I took a deep breath. “Everything has changed,” I said.
He raised an eyebrow.
“Hermione knows,” I said.
He went very still and I could feel magic crackling off him. “What?” he whispered.
“Hermione knows,” I repeated.
“Knows what?”
“What d’you think?” I complained. “Knows everything. Knows about us.”
“Since when?” he asked. He still hadn’t moved anything but his lips.
“Since Christmas,” I said. “When Teddy said you’d been dating a bloke it all fell into place. She asked me if we’d been together.”
“And?”
“And I told her. Everything.”
“Oh,” he whispered, and nodded. “And what did she say.”
“She shouted; she cried; she hated me. And we sleep in separate rooms.”
“I’m sorry,” he said.
“I’m not,” I said, shaking my head. “We barely spoke for a while, but now we are getting better.”
“In what way?” he asked carefully.
“As friends,” I said.
“Just friends?”
“Yes, that’s all we have left.”
“And does she know you’re here?” he asked in a small voice.

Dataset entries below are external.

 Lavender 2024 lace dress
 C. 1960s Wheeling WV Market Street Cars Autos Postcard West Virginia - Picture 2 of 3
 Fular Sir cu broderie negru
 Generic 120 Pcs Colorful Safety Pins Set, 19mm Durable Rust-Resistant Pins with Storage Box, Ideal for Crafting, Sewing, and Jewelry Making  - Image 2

“Yes, she sent me,” I said.
“Sent you?” he whispered. “You didn’t want to come yourself?”
“I didn’t dare.”
“Sent you to do what?” he asked.
“To fight for you,” I said.
He snorted.
“Honestly,” I said.
He boggled at me. “To fight for me?”
“Yes.”
“Against what?”
“The boyfriend,” I said, as if it were obvious.
“Hermione wants you to fight for me?” he frowned.

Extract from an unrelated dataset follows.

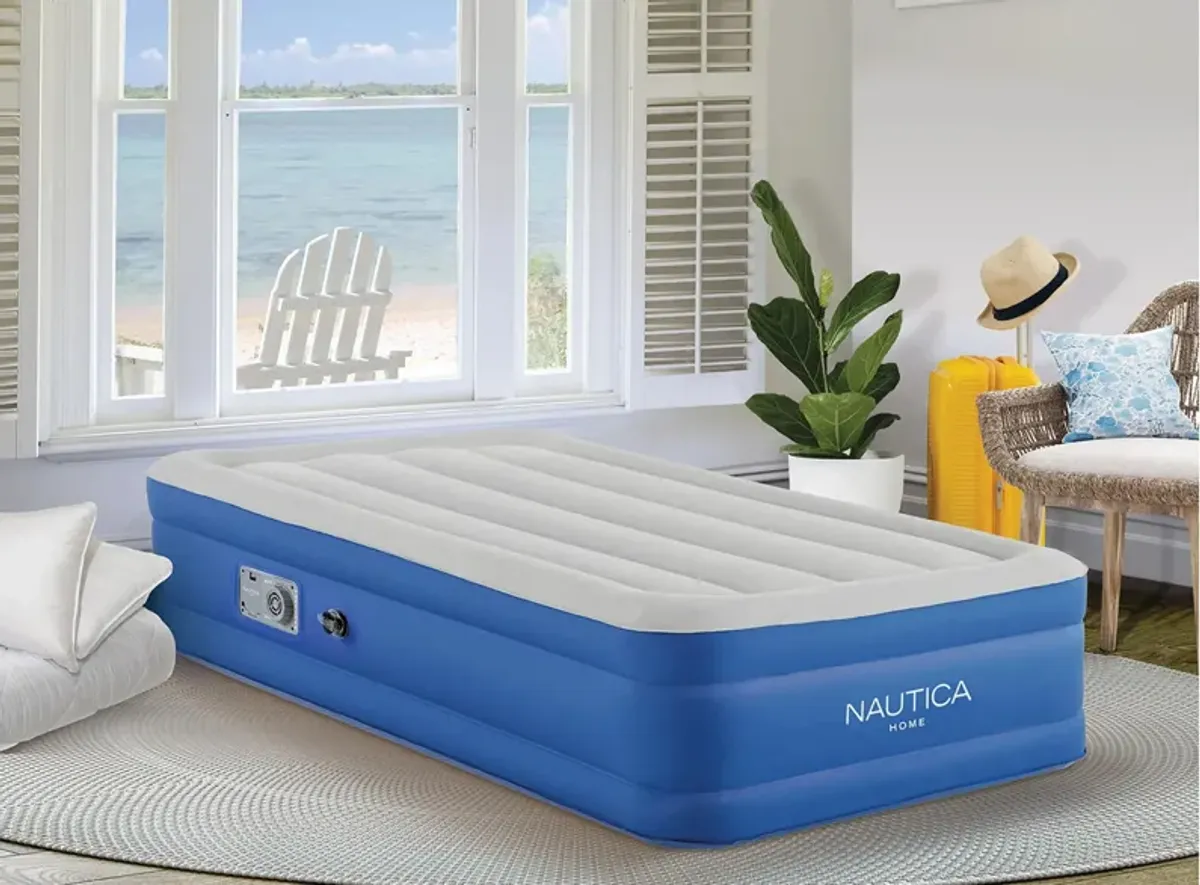 Nautica Plushaire Express Air Mattress in Blue by Boyd Flotation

“She wants us to be happy,” I said.
“But why? After what we did to her?”
“Because she’s our friend,” I said. “Because maybe we still have a chance of being happy?”
“I can’t breathe,” he said, getting up and striding to the window and throwing it open.
He sat in a chair by the open window, put his head down and took deep breaths.
I put my bottle down and went over to kneel by his side, not quite daring to touch him.
His eyes were closed and his head drooped over his clasped hands.
“Why now?” he asked.
I took a deep breath, myself. “I found the shirts,” I admitted.
His head swung up and our eyes met. “And?”
“And I bawled like a baby and Hermione held me and told me to come and fight for you.”
“And what are you suggesting?” he whispered.
“I want to be with you, Harry,” I said, laying my cards on the table. “I want to be together. I want you to give me one more chance, and I will leave Hermione and live with you here, or wherever you want. Our kids are grown; Hermione will still be our friend; this is better than I could have hoped for. And being without you is worse than I ever imagined.”
“Together?” he asked.
“Together,” I said.
“Really?”
“Picking out wallpaper, and Sunday lunch at the pub, and leaving each other notes when we run out of milk, and our toothbrushes living in the same mug. Together.”
He made an almost involuntary movement towards me and I opened my arms and my heart to him.
He crumpled out of his chair and landed in my lap.
His hands reached for my shirt and wound themselves tightly into it.
“I am never, ever going to let go,” he hissed.
“I’ll never let you,” I whispered into his hair, wrapping my arms around him and holding him tight.
And he was too thin, and he was shaking, but he smelt of Harry.